Há um culto a KENJI MIZOGUCHI (1898 – 1956). Jean-Luc Godard, nos seus tempos de crítico, foi o guardião do mito. Traumatizado pela falência familiar, que levou os pais a vender sua irmã a uma casa de gueixas, o cineasta japonês construiu uma carreira marcada pela indignação, perseguindo sentimentos em estado de pureza: honra, dever, lealdade, amor e justiça. Poucas vezes o cinema viu em um autor tamanho rigor formal com igual medida de extremismo moral. Nele, a noção de sacrifício decorre naturalmente da necessidade de expurgação, único meio que seus personagens encontram para superar a corrupção humana.

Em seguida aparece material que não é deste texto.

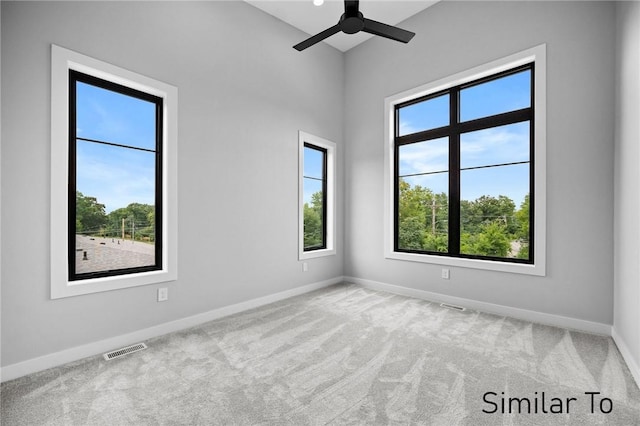 spare room featuring ceiling fan and carpet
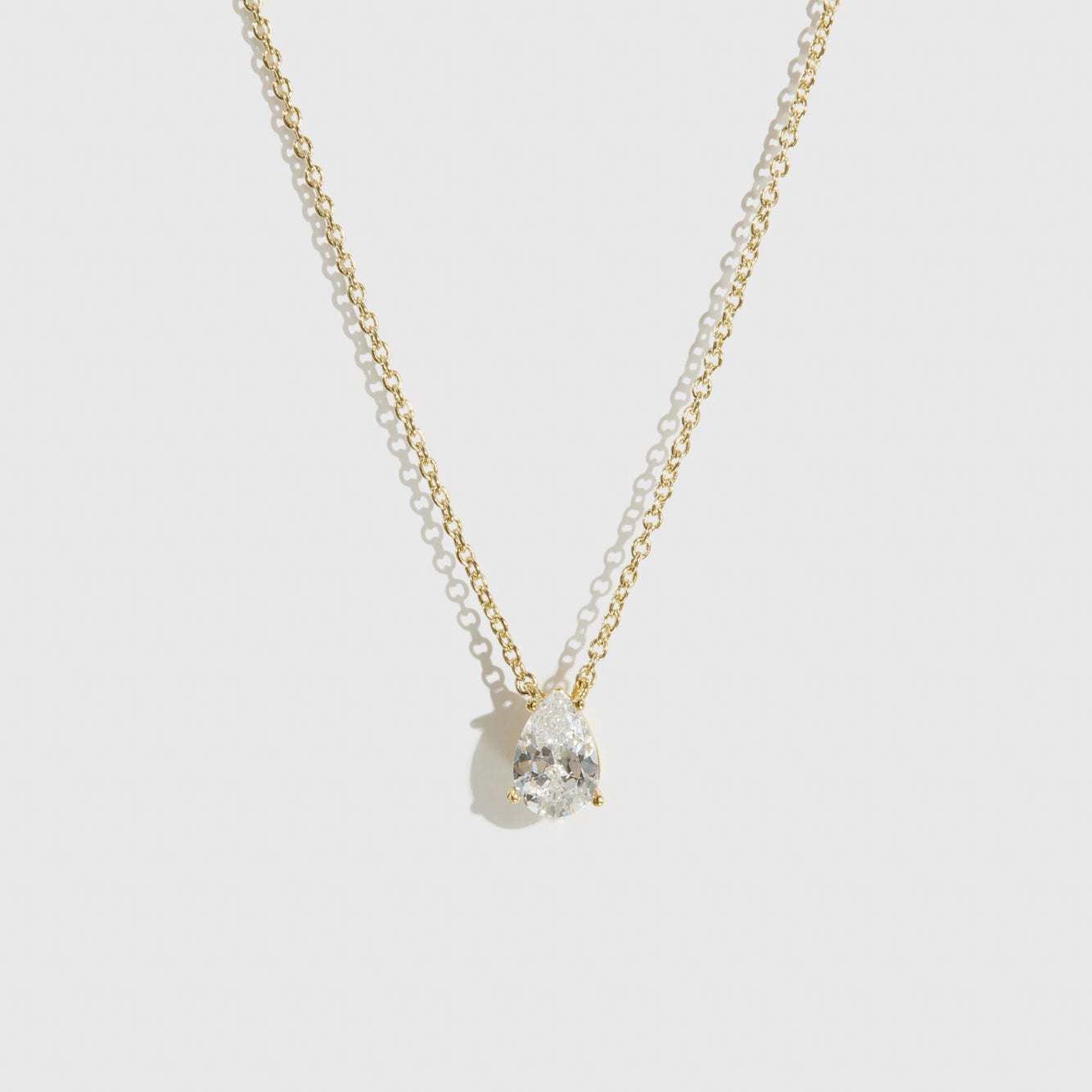 14k gold plated sterling silver 925 regular teardrop-cut solitaire necklace with a pure white cubic zirconia, shown on a plain background.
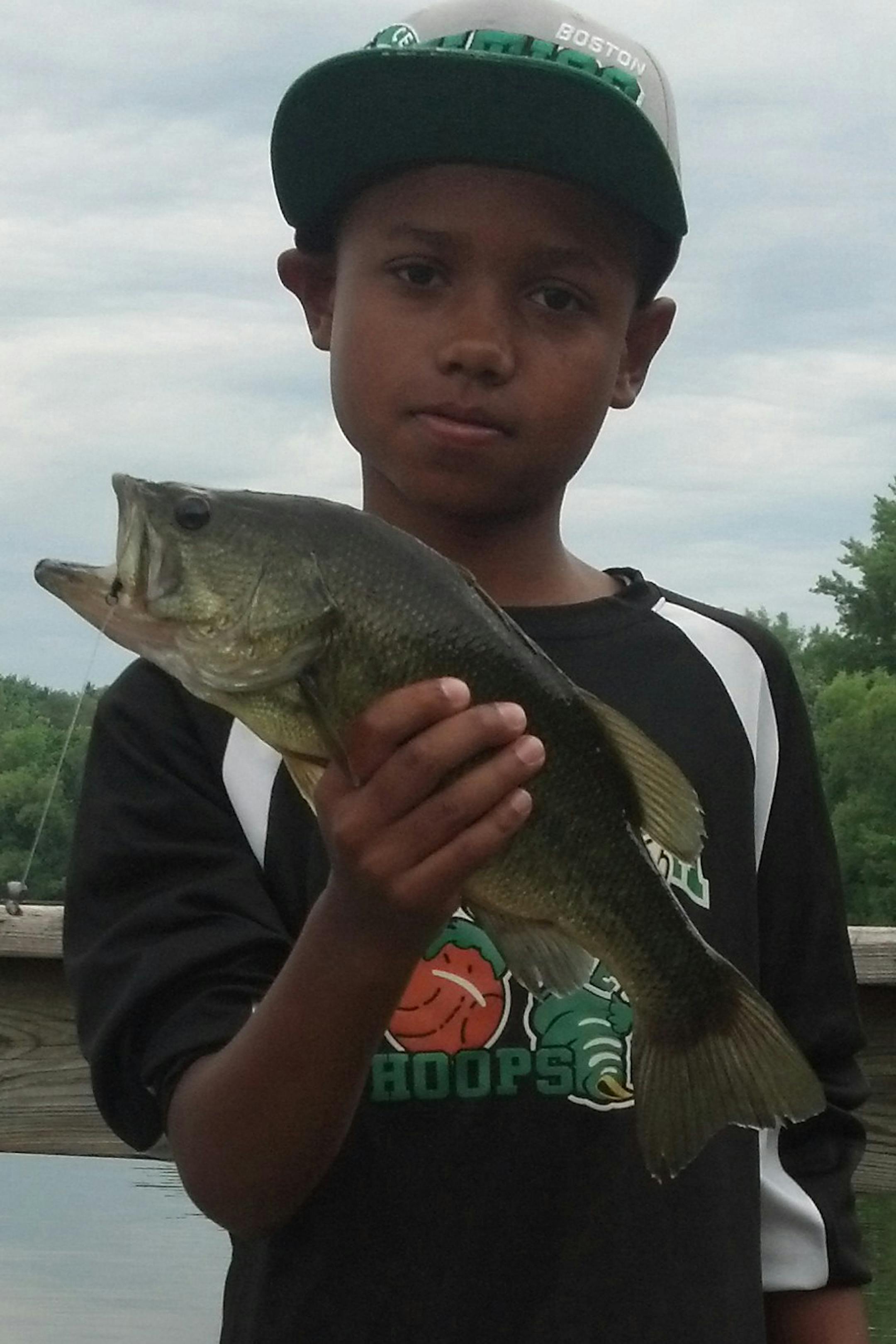 PIER PRESSURE Langston Edlund, 10, of Edina, caught this largemouth bass at Lake Ann in Chanhassen off the fishing pier. ‚ÄúI had already reeled my line in after a fun day of fishing, and I asked Langston to bring his line in, too,‚Äô‚Äô said Langston‚Äôs dad, Paul. ‚ÄúIt was right then that this big fella went after Langston‚Äôs sucker minnow. After a few photo's we released the fish.‚&#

O autor do clássico “Contos da Lua Vaga” (1953) viveu um importante período de transição cinematográfica, passando da fase do cinema mudo ao falado, e do preto-ebranco ao colorido. Dos seus filmes da fase muda, destacam-se algumas obras-primas e já se notam  características que iriam nortear as seus dramas mais importantes: ênfase em costumes emocionais tipicamente japoneses, influência do expressionismo alemão, e interesse por mulheres reprimidas, seus sacrifícios e sabedoria.

ayako wakao e mizoguchi
Em 1897, plateias do Japão tomaram conhecimento de uma nova forma de entretenimento, através da demonstração do sistema de projeção de filmes da Vitascope, empresa norte-americana. O primeiro filme produzido no país foi o documentário de curta-metragem “Geisha no Teodori”, em 1899. Enquanto no mundo inteiro o cinema era mudo, no Japão os filmes eram parcialmente sonorizados com a presença do benshi, uma pessoa que reproduzia os diálogos do filme, interpretando as vozes dos vários personagens durante a projeção – uma espécie de dublador ao vivo. Os filmes japoneses desse período em geral retratam aventuras de samurais injustiçados, e o principal expoente dessa época foi o trabalho de KENJI MIZOGUCHI.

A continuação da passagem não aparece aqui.